Mourning Dove was what she thought Hum-isha-ma meant.  But she later said that, “the whiteman must have invented the name for it,” after realizing that her people did not name women with animal or bird names.  She also came to realized that she had spelled the translation wrong.  She had spelled it Morning Dove, but after seeing a mourning dove in a museum, realized the error and changed it to Mourning Dove.
She was born "in the Moon of Leaves" (April), 1888 in a canoe on the Kootenai River near Bonners Ferry, Idaho.  Her mother, Lucy Stukin, was of Sinixt (Lakes) and Colville (Skoyelpi) ancestry.  Lucy was the daughter of Sinixt Chief Seewhelken.  Her father was Joseph Quintasket, a member of the Okanagan people.  He had a Nicola Okanagan mother and an Irish father.  Her tribal enrollment on the Colville Reservation was Sinixt (Lakes), although she referred to herself as Okanogan.

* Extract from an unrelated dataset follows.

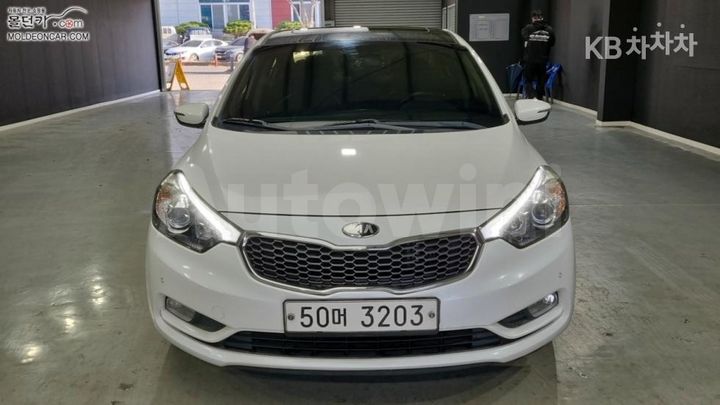 Kia K3 2014 — 3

Mourning Dove learned English in school, and after reading The Brand: A Tale of the Flathead Reservation by Theresa Broderick, was motivated to begin writing.  Her command of English made her valued by her fellow natives and she advised local Native leaders.  She also became active in Native politics, for instance getting money paid that was owed to her tribe.
She was married to Hector McLeod, member of the Flathead people, who proved to be an abusive husband.  She married Fred Galler of the Wenatchee people in 1919.
She died on 8 August 1936 at the state hospital at Medical Lake, Washington.